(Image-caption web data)
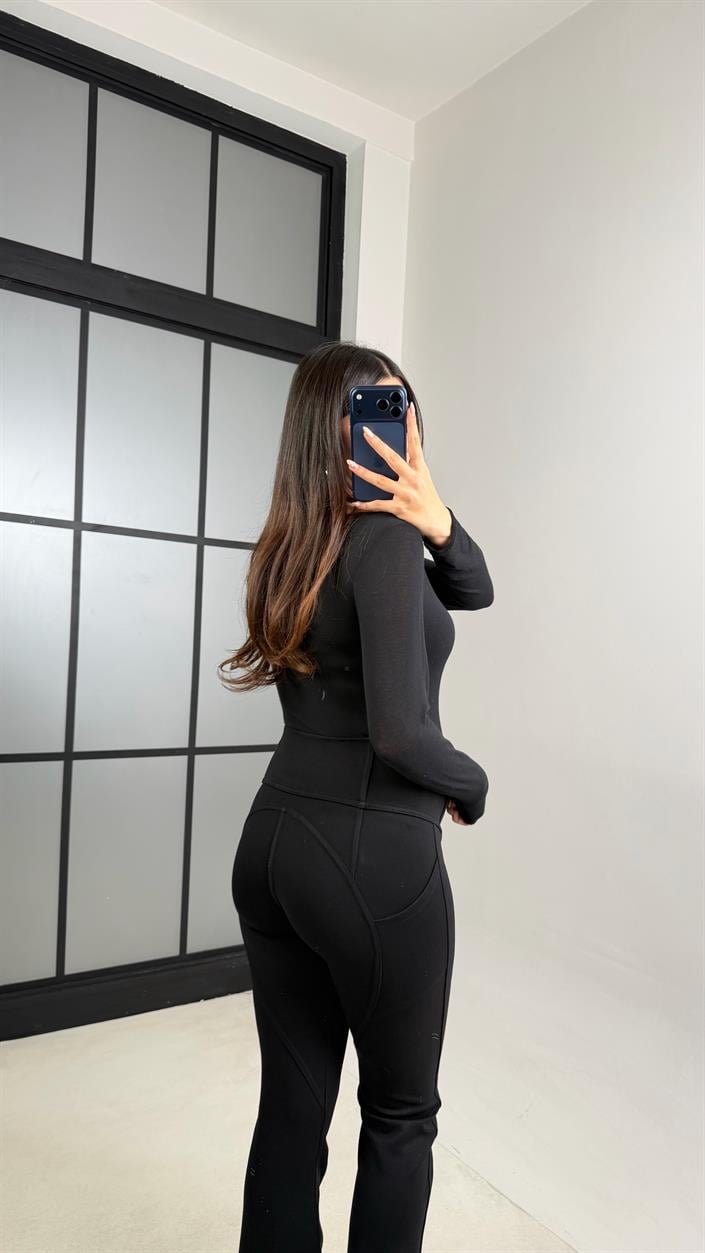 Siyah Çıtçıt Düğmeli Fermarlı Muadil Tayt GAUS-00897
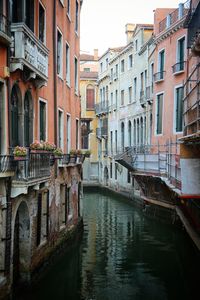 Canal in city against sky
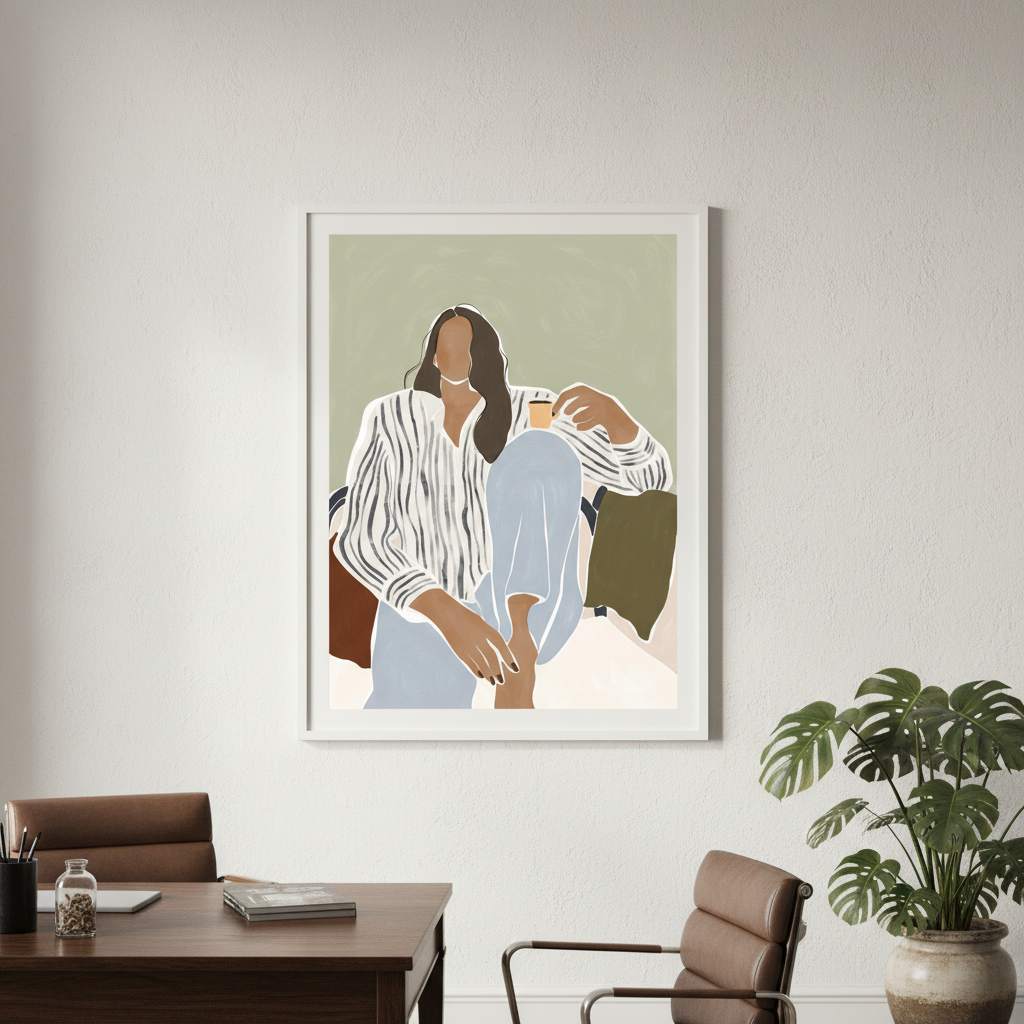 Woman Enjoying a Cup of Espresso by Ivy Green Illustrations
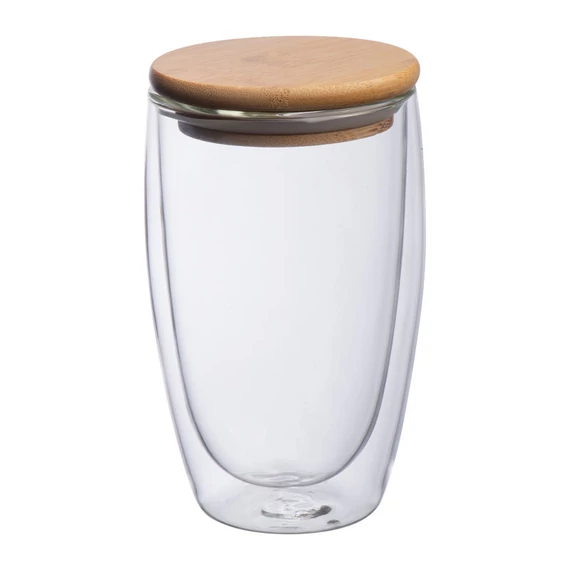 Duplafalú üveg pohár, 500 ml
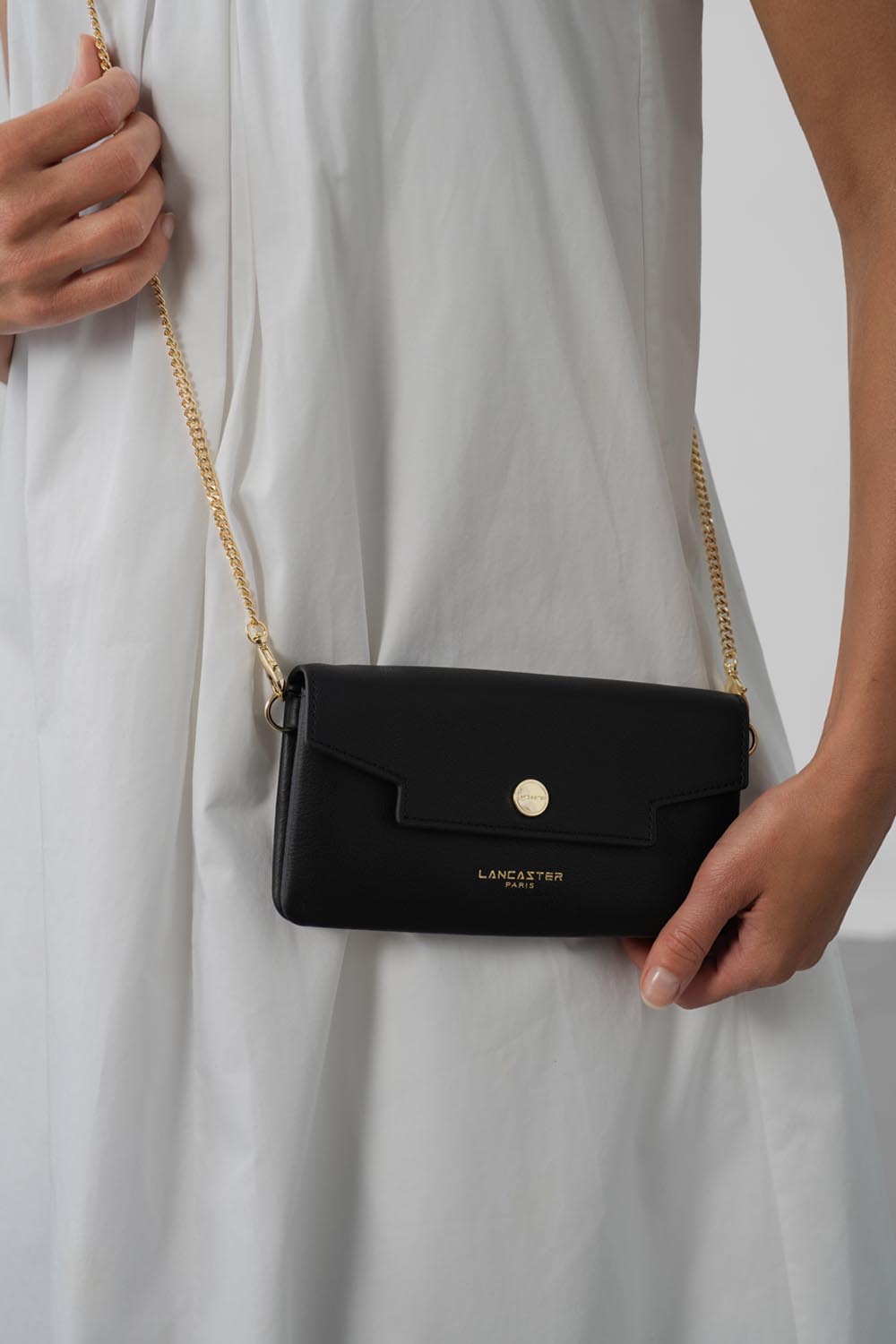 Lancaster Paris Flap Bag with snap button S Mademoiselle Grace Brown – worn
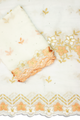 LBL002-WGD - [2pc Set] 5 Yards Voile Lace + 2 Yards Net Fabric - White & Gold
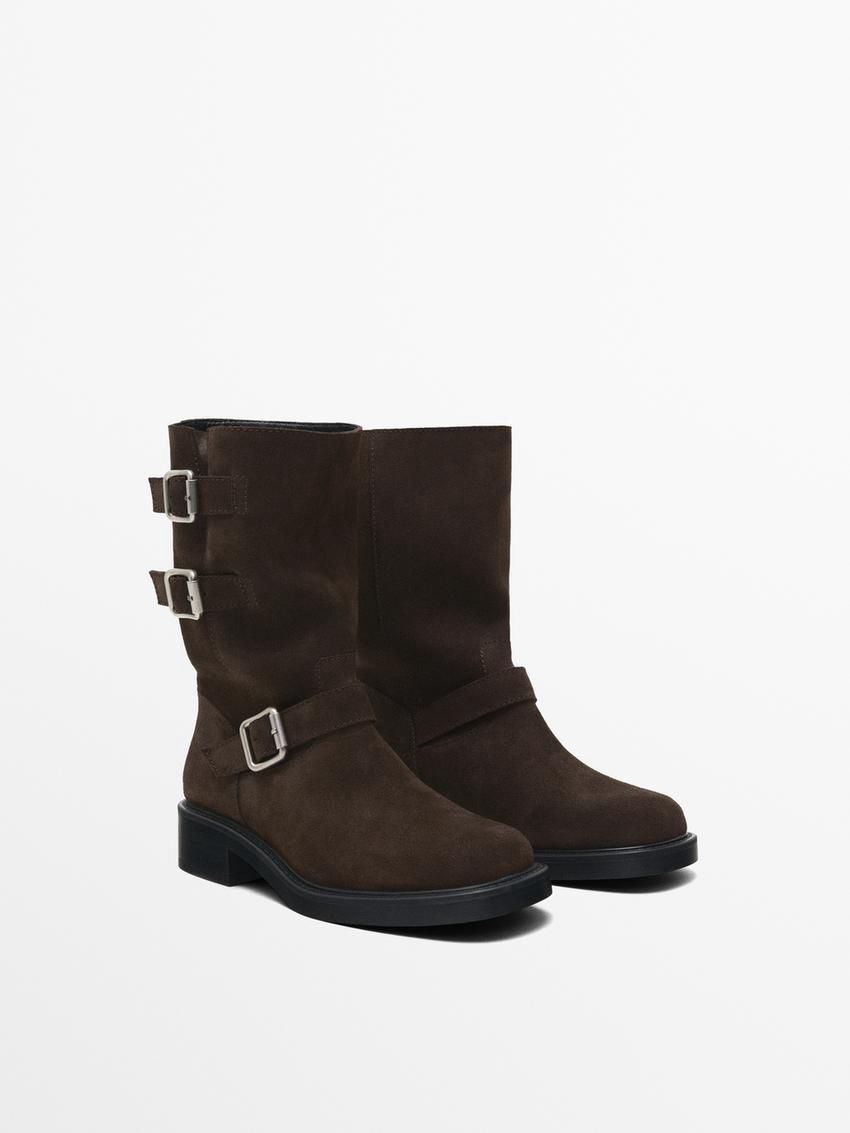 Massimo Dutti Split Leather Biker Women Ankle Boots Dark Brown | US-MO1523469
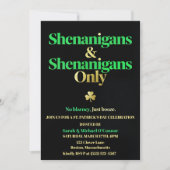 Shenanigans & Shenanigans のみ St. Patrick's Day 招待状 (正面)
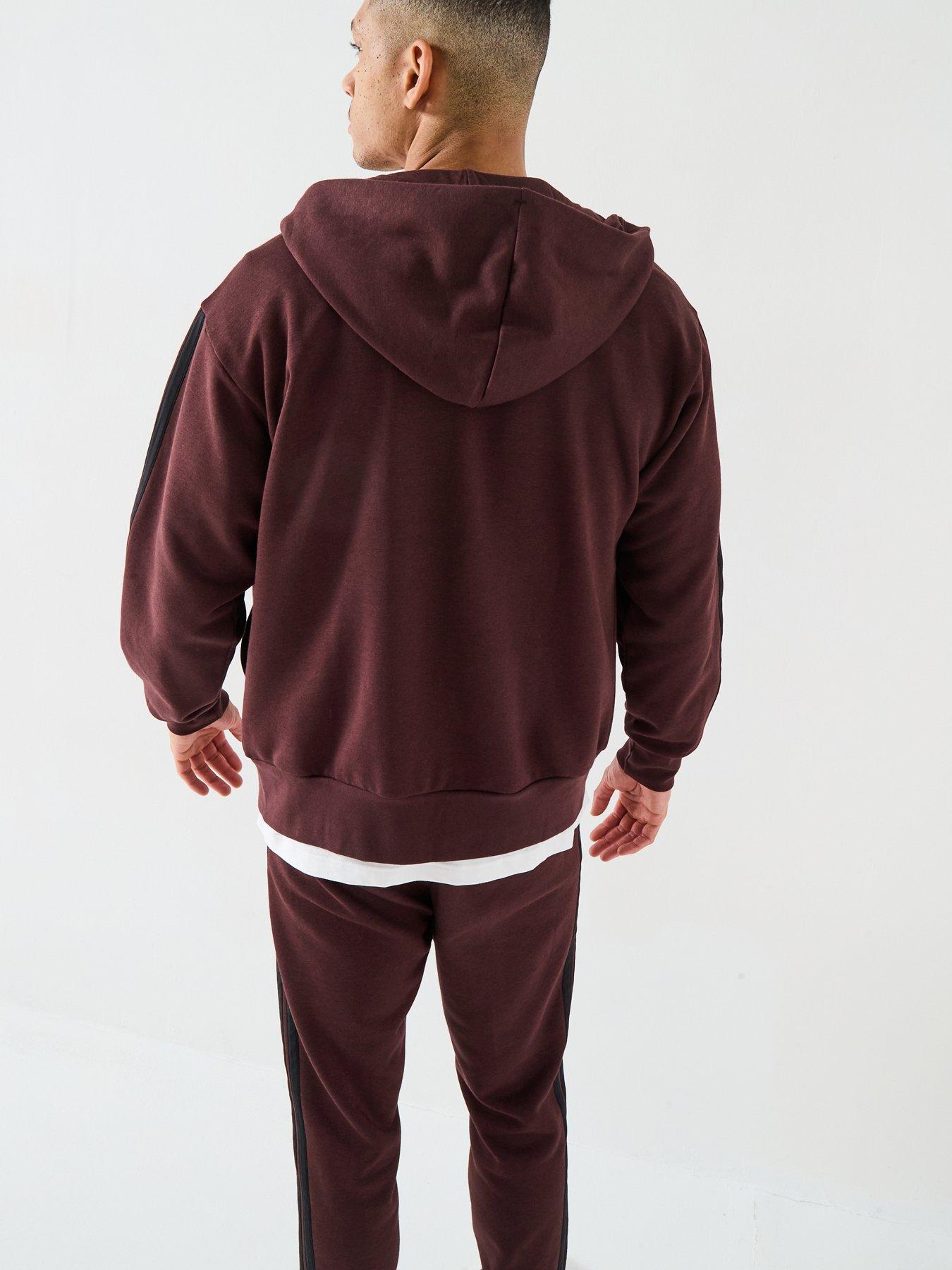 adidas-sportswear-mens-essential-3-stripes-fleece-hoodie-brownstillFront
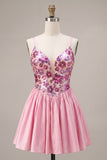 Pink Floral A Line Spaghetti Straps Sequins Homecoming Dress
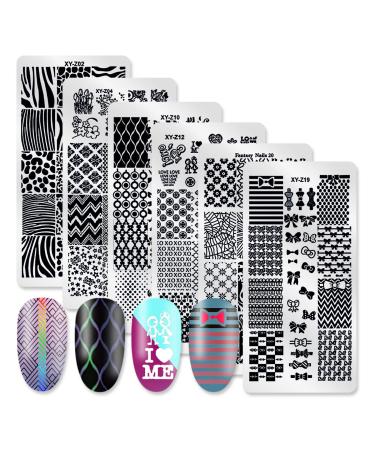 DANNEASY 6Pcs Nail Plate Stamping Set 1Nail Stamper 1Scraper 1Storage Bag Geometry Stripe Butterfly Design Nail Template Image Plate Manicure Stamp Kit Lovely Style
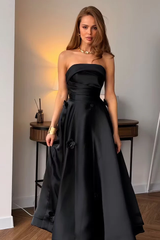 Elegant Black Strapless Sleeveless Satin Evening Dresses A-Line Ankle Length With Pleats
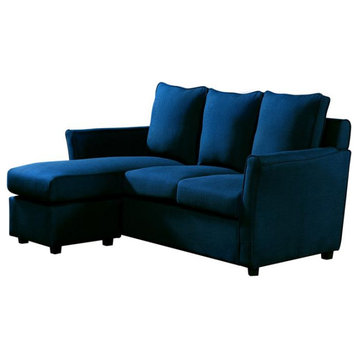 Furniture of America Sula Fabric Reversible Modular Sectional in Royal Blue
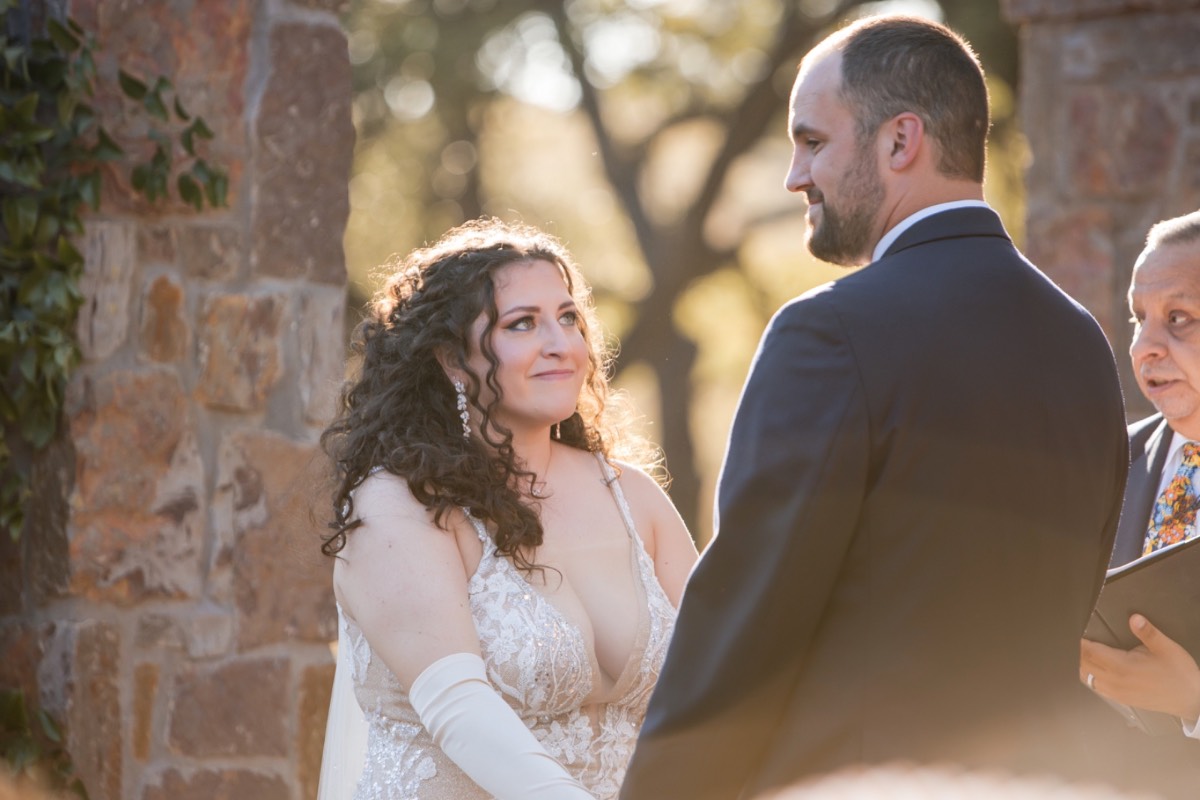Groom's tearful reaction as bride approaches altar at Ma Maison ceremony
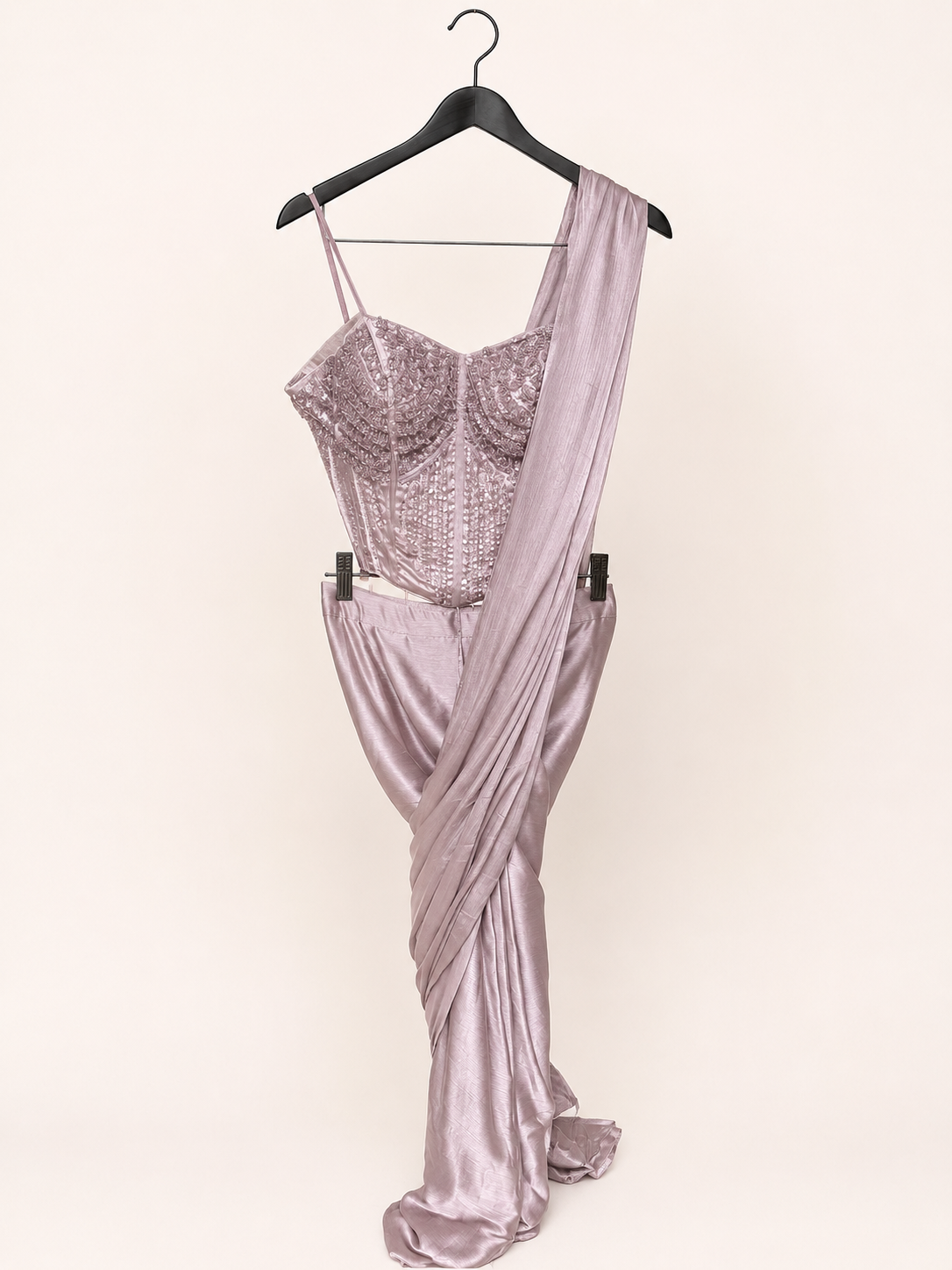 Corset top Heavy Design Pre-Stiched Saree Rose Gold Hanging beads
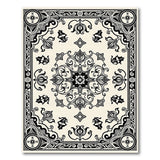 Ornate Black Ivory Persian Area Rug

Exercise aim:
Set down again, exactly, every line above from the one with "Shenanigans & Shenanigans" down to the one with "Pink Floral A", both ends included. No pictures, and nothing else.

Response area:
 Shenanigans & Shenanigans のみ St. Patrick's Day 招待状 (正面)
 adidas-sportswear-mens-essential-3-stripes-fleece-hoodie-brownstillFront
 Pink Floral A Line Spaghetti Straps Sequins Homecoming Dress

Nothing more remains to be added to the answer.